**WHAT IS REQUIRED**:
Every line below that holds the string "White" should be copied.

[Collected data]
>>>

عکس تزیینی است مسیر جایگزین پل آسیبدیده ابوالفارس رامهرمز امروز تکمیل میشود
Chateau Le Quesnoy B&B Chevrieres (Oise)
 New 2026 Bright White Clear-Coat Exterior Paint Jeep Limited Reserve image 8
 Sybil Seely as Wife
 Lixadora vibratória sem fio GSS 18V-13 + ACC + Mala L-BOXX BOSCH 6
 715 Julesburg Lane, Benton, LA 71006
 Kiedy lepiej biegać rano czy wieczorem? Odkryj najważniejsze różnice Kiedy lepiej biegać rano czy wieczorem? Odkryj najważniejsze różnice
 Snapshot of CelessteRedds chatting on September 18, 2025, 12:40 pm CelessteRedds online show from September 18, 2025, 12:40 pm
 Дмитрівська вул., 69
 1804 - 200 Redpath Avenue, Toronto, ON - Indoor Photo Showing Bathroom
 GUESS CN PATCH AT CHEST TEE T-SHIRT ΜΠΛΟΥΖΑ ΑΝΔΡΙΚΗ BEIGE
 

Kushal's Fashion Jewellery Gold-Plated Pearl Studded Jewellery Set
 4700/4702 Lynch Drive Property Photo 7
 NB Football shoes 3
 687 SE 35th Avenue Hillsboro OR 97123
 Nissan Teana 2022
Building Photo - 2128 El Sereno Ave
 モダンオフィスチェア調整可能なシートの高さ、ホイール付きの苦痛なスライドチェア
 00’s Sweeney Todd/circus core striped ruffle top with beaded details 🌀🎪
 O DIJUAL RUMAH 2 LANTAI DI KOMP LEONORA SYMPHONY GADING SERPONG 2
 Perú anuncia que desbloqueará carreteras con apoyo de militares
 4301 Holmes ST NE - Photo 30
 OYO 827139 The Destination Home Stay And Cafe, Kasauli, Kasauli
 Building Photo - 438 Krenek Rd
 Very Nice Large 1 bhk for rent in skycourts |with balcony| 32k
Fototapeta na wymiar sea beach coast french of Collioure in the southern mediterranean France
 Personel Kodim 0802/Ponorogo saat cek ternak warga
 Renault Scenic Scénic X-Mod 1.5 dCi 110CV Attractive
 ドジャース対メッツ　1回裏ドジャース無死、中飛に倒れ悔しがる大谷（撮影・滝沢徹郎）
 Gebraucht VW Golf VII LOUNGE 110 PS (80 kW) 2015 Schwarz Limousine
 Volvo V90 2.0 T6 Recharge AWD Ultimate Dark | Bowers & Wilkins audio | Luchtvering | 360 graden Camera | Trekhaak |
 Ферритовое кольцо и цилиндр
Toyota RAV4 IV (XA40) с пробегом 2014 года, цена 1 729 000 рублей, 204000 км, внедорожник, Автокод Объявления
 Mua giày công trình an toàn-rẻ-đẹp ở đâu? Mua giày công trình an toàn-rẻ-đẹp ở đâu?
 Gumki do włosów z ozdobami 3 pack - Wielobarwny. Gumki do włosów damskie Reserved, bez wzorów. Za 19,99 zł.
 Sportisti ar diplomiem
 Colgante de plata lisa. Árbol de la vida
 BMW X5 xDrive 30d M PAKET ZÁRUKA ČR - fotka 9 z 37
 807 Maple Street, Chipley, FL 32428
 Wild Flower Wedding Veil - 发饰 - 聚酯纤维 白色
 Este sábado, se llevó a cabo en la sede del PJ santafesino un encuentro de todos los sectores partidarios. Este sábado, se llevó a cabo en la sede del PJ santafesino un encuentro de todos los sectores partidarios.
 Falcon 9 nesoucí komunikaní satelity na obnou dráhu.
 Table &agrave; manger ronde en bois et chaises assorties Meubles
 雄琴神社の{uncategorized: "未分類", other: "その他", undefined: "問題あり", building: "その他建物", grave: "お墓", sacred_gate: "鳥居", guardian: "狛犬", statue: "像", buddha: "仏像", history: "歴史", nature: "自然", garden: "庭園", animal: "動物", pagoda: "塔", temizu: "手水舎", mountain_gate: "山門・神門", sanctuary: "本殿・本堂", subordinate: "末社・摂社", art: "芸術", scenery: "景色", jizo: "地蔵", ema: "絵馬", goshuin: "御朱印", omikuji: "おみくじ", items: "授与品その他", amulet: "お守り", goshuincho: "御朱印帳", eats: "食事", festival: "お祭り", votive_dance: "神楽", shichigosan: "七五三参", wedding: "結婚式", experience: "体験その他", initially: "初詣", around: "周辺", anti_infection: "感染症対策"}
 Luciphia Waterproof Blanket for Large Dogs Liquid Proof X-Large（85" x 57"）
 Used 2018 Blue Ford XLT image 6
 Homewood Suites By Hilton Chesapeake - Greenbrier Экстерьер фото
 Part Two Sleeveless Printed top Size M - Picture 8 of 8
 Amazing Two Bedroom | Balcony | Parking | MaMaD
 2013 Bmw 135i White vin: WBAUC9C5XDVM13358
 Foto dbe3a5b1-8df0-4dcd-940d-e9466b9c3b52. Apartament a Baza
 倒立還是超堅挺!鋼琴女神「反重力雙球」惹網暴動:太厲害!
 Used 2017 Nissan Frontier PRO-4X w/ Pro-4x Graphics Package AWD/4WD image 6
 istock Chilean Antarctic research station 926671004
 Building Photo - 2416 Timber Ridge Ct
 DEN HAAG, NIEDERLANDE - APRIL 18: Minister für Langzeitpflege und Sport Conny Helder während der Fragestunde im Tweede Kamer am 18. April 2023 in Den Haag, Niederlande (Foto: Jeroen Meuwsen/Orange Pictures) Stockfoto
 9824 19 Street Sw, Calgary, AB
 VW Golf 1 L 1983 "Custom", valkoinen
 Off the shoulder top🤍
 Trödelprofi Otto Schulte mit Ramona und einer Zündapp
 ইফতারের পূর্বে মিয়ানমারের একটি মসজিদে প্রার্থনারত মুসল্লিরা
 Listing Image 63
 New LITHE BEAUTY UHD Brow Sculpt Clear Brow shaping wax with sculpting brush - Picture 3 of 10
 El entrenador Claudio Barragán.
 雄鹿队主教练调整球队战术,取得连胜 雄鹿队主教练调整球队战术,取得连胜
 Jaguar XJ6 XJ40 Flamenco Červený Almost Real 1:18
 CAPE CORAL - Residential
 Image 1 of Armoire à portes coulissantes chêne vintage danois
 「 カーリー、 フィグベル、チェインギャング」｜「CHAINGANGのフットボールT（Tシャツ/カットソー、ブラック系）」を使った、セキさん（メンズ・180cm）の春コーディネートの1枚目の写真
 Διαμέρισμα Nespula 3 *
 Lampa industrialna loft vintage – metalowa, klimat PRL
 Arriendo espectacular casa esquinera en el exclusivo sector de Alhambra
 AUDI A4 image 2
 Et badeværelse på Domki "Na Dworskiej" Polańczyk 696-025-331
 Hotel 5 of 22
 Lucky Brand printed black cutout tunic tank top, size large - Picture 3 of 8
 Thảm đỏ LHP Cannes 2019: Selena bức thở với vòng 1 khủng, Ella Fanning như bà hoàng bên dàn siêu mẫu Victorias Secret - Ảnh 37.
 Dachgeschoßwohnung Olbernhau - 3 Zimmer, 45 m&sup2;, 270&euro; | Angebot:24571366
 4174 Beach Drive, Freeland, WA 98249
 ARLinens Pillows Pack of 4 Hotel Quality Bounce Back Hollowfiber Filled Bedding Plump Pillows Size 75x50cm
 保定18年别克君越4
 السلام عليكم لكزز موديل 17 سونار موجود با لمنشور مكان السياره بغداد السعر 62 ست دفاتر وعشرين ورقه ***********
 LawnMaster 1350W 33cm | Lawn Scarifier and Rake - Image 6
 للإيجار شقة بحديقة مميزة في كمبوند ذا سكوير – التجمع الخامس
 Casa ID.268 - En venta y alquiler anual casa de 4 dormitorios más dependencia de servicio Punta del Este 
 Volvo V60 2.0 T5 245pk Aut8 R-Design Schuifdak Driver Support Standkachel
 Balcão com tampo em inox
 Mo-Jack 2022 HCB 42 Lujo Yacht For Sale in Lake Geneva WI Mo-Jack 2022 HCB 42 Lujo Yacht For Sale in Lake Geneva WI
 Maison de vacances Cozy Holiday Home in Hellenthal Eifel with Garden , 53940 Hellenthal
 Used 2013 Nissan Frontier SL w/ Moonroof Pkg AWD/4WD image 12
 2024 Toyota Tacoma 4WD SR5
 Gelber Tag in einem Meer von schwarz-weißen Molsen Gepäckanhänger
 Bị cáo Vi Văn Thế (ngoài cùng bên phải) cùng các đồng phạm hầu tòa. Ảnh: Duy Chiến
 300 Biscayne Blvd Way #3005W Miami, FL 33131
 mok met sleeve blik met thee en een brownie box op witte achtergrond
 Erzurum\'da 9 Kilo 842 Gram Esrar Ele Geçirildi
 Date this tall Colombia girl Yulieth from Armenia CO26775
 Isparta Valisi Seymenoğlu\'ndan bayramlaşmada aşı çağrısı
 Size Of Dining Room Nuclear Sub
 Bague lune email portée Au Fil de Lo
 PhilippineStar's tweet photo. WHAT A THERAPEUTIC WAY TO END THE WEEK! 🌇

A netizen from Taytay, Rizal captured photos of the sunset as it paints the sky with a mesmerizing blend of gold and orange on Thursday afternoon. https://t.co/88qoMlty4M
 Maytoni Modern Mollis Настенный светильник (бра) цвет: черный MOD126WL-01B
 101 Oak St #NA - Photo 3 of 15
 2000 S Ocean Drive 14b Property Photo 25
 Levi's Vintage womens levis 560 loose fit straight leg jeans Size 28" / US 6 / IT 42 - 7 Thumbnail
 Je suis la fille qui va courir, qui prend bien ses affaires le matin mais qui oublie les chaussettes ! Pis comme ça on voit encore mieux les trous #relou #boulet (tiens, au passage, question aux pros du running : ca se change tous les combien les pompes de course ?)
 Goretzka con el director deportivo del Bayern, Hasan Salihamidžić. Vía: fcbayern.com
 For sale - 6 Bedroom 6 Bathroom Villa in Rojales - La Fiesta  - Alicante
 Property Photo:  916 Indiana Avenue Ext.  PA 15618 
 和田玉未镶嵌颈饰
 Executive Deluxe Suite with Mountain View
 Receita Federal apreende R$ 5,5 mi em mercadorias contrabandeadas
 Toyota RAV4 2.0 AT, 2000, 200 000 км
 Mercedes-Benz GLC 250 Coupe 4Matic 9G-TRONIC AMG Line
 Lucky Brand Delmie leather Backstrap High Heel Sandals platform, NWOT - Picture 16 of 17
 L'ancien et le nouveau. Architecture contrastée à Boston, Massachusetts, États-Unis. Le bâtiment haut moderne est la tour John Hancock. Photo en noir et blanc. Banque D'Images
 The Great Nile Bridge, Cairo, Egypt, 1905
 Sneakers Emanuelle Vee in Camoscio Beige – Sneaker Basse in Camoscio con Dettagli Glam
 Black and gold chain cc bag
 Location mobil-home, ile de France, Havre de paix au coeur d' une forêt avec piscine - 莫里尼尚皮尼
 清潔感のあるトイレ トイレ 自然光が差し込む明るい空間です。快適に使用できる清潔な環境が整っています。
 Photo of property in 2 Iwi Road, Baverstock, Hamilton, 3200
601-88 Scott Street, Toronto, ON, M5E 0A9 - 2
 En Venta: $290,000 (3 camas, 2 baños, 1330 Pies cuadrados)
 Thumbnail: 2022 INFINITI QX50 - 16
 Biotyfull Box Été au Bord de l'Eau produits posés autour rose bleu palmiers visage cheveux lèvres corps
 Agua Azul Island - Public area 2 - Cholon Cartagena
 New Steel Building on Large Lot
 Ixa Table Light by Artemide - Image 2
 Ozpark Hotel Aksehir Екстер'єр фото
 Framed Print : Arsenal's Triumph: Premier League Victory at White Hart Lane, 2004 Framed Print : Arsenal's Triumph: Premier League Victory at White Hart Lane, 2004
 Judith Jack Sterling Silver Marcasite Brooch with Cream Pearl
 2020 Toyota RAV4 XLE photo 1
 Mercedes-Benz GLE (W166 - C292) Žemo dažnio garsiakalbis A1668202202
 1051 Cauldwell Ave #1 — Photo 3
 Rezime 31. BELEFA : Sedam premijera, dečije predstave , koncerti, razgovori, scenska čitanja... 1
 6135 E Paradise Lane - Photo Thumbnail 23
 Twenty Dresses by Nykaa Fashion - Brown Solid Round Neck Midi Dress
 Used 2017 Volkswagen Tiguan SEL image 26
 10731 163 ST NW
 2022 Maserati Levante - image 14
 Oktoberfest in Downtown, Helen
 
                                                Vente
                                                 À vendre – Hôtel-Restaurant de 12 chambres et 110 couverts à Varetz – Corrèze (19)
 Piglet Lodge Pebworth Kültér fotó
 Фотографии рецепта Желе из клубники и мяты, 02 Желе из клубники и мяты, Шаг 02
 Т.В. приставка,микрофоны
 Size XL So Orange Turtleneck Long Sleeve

<<<

**OUTPUT OF THE TASK**:
 New 2026 Bright White Clear-Coat Exterior Paint Jeep Limited Reserve image 8
 2013 Bmw 135i White vin: WBAUC9C5XDVM13358
 Framed Print : Arsenal's Triumph: Premier League Victory at White Hart Lane, 2004 Framed Print : Arsenal's Triumph: Premier League Victory at White Hart Lane, 2004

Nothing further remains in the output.